Seattle University sit-in protests curriculum, school culture

Seattle University students have occupied the Matteo Ricci College offices for a week, demanding the ouster of the college's dean. (Photo provided by the Matteo Ricci Coalition.)
Seattle University students have occupied the Matteo Ricci College offices for a week, demanding the ouster of the college’s dean. (Photo provided by the Matteo Ricci Coalition.)

Students of color at Seattle University have occupied the offices of the school’s Matteo Ricci College undergraduate program, demanding the removal of the college’s dean and a revamp of the college’s curriculum to be more aware of racial and diversity issues.

The students have been occupying the college since last Wednesday and say they will stay until their demands are met. The students and alumni of the university, who each have had their own experience with racism and oppression in the college, say they want the university to uphold their core values of “care, diversity, academic excellence and social justice.”

The sit-in started after a student said that college dean Jodi Kelly used the “n” word several times in a conversation. Kelly told The Stranger via email that she had been recommending that the student read social activist Dick Gregory’s autobiography which uses the “n” word in the book’s title.

But organizer Fiza Mohammad said on Tuesday that incident with the dean has not been the only example of how the college’s curriculum is insensitive to students of color.

“There has been a list of violations that had been given to certain members of the faculty, that include sexual assault, racism and violence that they have known for the past 10 years. People have gone to the same provost of the university for the past 10 years, and nothing has happened,” said Mohammad, a fourth year Humanities student at the college.

The MRC (Matteo Ricci Coalition), also says Jodi Kelly and professor Carol Kelly, who is in the running to be named associate dean, are “preventing the potential for radical change within the college.” The MRC is also demanding to know the qualifications to be dean of the university and want to make sure the running mates are also suitable for the position.

The sit-in started with approximately 30 people who stood in solidarity and more students have joined since, as well as people from the community in general. The press conference that was held on Tuesday, May 17 had a full house of students and faculty that supported them. The students that are occupying say they are willing to have dialogue and conversation with anyone that wants to know about their demands.

The MRC is also demanding a non-Eurocentric, interdisciplinary curricula, professors who are trained and experienced in critical race theory, class and gender analysis, classrooms that uphold the learning of students with historically marginalized identities, responsive curricula and have the college recruit and support a diverse student body while not tokenizing the bodies of students and professors of color.

In a letter posted to the Seattle University website, president Steven Sundborg apologized “for what has been the experience of some of our students when it comes to race, class, gender and disability in aspects of the university’s academic and social life,” and vowed to address the issues.
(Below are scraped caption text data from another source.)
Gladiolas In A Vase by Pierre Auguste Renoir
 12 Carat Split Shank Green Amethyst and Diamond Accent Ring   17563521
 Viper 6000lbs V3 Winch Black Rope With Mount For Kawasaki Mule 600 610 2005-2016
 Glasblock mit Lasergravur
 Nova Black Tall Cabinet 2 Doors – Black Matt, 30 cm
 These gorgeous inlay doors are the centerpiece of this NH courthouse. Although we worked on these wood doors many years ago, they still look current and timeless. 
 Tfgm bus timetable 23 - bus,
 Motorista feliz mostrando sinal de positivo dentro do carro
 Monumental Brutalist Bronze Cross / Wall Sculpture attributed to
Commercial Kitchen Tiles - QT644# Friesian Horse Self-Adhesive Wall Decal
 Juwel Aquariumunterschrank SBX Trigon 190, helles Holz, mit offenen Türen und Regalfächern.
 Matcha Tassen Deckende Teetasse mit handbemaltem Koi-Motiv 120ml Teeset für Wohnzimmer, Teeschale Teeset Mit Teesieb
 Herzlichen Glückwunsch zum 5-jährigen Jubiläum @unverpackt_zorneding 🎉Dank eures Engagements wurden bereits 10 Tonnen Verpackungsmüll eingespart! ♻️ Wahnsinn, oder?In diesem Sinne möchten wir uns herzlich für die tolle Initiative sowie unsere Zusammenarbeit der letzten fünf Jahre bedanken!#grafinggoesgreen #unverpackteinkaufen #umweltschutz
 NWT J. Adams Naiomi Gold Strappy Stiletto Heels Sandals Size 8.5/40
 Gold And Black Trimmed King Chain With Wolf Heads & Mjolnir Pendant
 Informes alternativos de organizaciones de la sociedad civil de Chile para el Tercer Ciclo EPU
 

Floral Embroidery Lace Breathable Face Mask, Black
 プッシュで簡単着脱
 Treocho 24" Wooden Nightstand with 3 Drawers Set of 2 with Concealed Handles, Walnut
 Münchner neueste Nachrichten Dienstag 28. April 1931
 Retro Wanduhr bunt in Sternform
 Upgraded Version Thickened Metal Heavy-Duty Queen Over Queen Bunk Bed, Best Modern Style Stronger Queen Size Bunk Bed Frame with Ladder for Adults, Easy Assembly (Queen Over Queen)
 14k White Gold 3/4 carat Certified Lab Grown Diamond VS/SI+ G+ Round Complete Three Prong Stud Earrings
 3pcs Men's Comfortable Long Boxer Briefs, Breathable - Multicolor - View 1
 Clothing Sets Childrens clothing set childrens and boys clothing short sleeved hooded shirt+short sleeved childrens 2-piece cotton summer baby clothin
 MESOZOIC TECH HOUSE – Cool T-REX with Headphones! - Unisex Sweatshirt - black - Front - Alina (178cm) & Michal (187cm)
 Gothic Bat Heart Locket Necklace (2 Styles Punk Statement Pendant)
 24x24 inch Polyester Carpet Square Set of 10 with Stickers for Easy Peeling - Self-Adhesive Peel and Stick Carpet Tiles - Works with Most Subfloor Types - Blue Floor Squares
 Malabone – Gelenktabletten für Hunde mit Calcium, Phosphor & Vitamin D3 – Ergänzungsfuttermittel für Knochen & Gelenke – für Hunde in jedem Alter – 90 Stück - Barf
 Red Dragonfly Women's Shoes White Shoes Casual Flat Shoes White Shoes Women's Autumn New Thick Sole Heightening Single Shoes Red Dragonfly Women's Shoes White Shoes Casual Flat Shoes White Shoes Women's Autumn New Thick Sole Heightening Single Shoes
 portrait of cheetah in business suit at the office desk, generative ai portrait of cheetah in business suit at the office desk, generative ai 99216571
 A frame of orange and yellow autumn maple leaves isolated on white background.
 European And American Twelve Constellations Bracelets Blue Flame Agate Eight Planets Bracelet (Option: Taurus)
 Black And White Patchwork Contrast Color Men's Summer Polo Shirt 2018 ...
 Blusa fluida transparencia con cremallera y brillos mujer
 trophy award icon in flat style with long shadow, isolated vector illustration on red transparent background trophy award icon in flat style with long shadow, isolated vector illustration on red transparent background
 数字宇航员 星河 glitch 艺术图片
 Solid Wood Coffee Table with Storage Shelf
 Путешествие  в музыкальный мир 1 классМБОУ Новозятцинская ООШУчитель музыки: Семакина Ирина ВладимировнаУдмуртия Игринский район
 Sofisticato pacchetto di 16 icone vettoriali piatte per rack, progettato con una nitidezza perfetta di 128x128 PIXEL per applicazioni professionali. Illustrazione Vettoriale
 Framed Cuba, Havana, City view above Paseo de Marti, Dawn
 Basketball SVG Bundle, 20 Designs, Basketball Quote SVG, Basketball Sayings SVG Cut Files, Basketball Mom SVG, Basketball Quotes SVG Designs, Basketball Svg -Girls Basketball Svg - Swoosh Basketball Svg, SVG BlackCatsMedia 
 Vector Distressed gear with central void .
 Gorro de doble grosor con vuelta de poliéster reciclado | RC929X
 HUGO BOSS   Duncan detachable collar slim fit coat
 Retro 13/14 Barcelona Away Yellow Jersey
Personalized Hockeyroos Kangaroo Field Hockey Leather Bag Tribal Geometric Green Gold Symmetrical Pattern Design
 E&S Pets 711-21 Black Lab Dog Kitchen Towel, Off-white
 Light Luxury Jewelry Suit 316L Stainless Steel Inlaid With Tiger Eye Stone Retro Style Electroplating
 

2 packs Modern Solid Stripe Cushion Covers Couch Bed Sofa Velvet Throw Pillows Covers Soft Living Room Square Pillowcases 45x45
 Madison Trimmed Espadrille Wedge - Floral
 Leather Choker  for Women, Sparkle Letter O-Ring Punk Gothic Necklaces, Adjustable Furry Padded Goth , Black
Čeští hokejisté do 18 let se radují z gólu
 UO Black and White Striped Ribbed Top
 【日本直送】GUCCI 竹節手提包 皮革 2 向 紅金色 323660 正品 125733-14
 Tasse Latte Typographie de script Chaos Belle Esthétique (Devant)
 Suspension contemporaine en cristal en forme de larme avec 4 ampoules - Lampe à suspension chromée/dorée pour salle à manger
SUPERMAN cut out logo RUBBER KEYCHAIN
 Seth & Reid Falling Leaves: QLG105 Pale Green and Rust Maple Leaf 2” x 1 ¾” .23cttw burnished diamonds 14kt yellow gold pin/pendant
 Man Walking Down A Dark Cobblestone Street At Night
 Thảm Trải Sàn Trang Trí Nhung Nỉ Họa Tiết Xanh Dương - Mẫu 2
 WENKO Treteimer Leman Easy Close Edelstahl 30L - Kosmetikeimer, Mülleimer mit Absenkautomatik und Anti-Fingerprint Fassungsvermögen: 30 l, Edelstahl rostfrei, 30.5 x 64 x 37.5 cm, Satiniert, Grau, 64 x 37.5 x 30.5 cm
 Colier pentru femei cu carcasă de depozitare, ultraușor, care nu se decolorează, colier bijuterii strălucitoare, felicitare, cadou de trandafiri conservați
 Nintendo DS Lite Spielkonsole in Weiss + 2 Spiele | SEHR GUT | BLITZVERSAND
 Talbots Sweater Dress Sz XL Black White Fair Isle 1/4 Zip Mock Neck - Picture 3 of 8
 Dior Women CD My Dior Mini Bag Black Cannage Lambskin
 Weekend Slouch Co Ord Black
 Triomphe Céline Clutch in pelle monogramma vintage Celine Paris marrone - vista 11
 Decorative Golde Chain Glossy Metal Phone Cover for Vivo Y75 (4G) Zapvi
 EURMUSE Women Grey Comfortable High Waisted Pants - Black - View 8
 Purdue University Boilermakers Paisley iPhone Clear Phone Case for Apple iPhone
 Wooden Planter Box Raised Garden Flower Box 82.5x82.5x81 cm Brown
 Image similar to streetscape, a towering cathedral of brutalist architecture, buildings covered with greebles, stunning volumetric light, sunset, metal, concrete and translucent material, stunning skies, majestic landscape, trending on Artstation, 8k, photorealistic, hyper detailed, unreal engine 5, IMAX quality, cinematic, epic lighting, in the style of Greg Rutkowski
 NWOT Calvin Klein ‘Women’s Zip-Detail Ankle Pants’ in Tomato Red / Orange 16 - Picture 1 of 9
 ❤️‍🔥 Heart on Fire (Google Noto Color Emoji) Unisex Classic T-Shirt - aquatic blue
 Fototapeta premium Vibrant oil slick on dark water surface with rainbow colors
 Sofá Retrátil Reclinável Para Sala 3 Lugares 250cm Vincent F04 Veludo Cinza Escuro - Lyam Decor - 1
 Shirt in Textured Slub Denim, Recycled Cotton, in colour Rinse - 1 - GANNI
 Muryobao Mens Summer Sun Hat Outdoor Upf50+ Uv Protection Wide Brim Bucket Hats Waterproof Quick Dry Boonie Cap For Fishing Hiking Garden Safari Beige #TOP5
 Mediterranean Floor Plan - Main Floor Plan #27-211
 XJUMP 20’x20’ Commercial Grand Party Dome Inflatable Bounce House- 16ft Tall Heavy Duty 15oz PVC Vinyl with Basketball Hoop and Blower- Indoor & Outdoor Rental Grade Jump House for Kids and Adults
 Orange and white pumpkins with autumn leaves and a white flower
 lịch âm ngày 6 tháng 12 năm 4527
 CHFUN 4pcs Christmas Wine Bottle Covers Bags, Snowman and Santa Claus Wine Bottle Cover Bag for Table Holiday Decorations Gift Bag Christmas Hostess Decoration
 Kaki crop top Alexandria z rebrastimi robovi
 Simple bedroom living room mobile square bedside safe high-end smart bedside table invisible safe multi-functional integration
But Sundborg also said that he would not accept the demand for a resignation of a faculty member, citing the university’s formal channels to handle grievances against faculty.

This was the first sit-in protest organized by the MRC.

Editor’s note: This story has been corrected since its original publication to reflect that this was the first sit-in protest organized by the MRC. 

1 Comment

  1. “Kelly told The Stranger via email that she had been recommending that the student read social activist Dick Gregory’s autobiography which uses the “n” word in the book’s title.”

    So is it the activists’ position that the professor should have referred to the book title as “N-word: An Autobiography by Dick Gregory” rather than the actual title? These students are then behind censoring offensive words in literature in general? “To Kill a Mocking Bird” should thus be banned? The Norton Anthology of English Literature is out, too. So the way the activists believe they should be educated is through censorship of anything that might offend them? What a sad, sheltered world they want to live in. I value my liberal arts education for exactly the opposite reason – I was exposed to ideas and expression of all types, and encouraged to judge its value, its impact both good and bad, how ideas changed the mood of the country, changed our culture. Had I said “don’t speak about anything that I don’t agree with or find offensive!” I wouldn’t have learned much.